Do business leaders deserve their gongs?
Business leaders do like their gongs.
Many is the time, I have been rung up by a pal of an untitled business leader to be asked if I have any idea why he (it's always a he) hasn't been knighted yet - and enquiring what can be done about it (the supposition is that I know how the wheels and cogs of these things operate, though I am not sure I really do).
So if I were the boss of a big PLC, I might be slightly anxious about all the fuss over whether Sir Fred Goodwin should be stripped of his knighthood, because there is a risk that it will focus attention on why those who run our biggest businesses are routinely honoured.
The point is that if you become chairman or chief executive of one of the UK's biggest businesses, and you don't make a conspicuous mess of it in the first three years or so (Sir Fred didn't), there is a very high probability that you will be knighted or damed (is that a word? You know what I mean).
In a worst case, you will probably be made a CBE.
And sometimes, for those with the best political connections, there's a peerage to be bagged (years ago, one business leader was ennobled allegedly because Tony Blair got his wires crossed and thought he was someone else - which may be apocryphal, but perhaps says something about the slightly casual way in which these decisions are made).
So here's the thing: all the media and political pressure to strip Sir Fred Goodwin of his knighthood rather raises the question of why he was knighted in the first place - and more broadly why those who run substantial companies routinely receive public honours.
The important and troubling background for business leaders is this: the government has joined the ranks of those who believe that many business leaders are paid more than they deserve. And on Tuesday, the business secretary, Vince Cable, will announce new policies to curb alleged excesses in executive remuneration.
Business leaders of course argue that they should receive the going rate - which happens to be a very high rate - for the challenging job of running a huge business. But if they are getting magnificent financial rewards for what they do, many might well ask why they deserve a gong on top.
If someone has already received more than his or her just financial deserts for what they do in life, the knighthood might then look like an institutionalised form of having your cake and eating it: lovely for the recipient, but perhaps of limited social utility.
Now if these business leaders were making some great personal financial sacrifice when creating employment, generating tax revenues for the benefit of the nation, boosting the values of our pensions and so on, then presumably they would deserve to be drenched in honours from all parts of this great nation.

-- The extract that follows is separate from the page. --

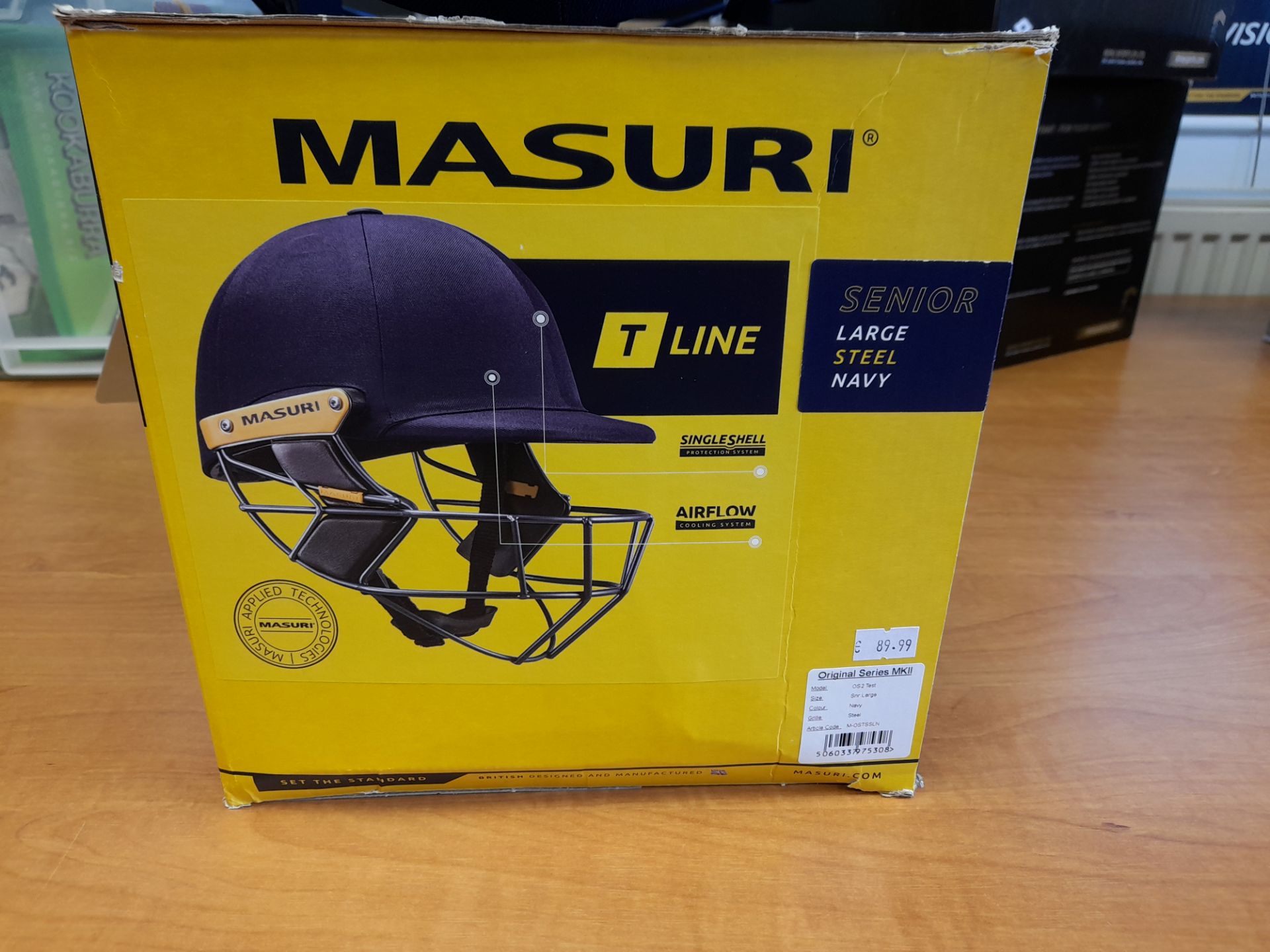Masuri T Line Original Series MKII Test Helmet with Steel Grill, Size Senior Large, Box, Rrp. £89. - Image 3 of 4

But the widespread view - including, from what I can gather, that of the prime minister - is that most of them don't make any great financial sacrifice.
Or as an economist might put it, if there are positive externalities generated by a business (good things for the wider economy for which the company doesn't receive direct financial payment), the chief executive is already being amply rewarded for them by a surplus element in his or her pay.

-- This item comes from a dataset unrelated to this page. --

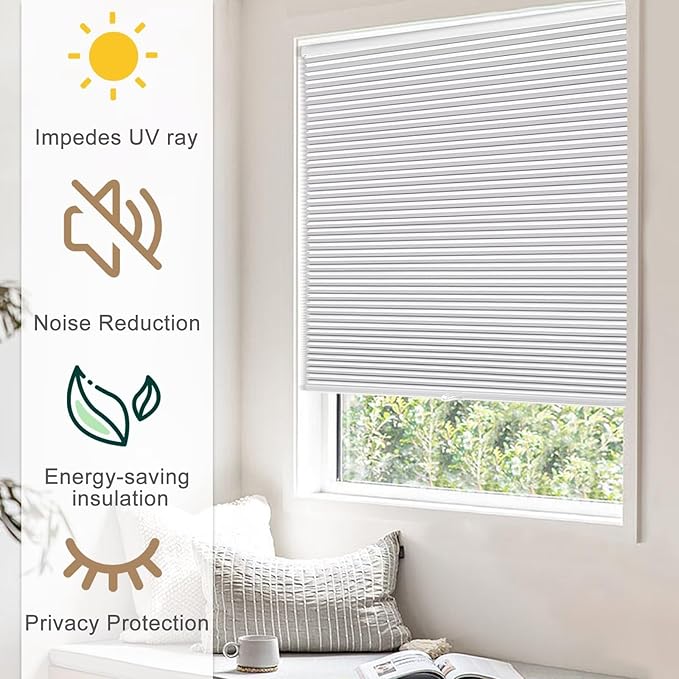 MYshade 1.5-Inch Cellular Cordless Blackout Shades,Thermal Insulating Noise Reducing Waterproof Blinds,Honeycomb Window Treatments for Indoor Light Control (White-24 W x 64" H)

In yet another Daily Mail splash arguing that Sir Fred should be de-gonged, the Labour leader, Ed Miliband, says: "It's wrong to have given him the knighthood and it's right that it should be revoked". The prime minister yesterday said that it was a good thing that the so-called Forfeiture Committee would look at whether Sir Fred should revert to becoming plain Mr Goodwin.
To be clear, it is perfectly natural for questions to be asked about whether a chief executive should retain a badge indicating that he is revered nationally in some kind of way, after his reckless expansion of Royal Bank of Scotland led to the biggest taxpayer bailout in British corporate history and contributed to the darkest deepest recession since the 1930s.
But if the Forfeiture Committee were to look in any thorough way at why Sir Fred received his gong in the first place, it might draw wider conclusions about how these honours are awarded to business leaders in general that might suggest they should be handed out rather more sparingly.
Which suggests there may be a useful public policy lever for the prime minister to pull. If he wants to defuse the whole row over executive pay, he could present business leaders with a stark choice: gongs or bonuses? I wonder which they would choose.
Manifest, the shareholder proxy voting service, has run the numbers on gongs in FTSE100 boardrooms. Apparently there are 63 knights, 19 lords, seven baronesses and only three dames. So just under one per FTSE100 business on average (excluding CBEs, OBEs, etc).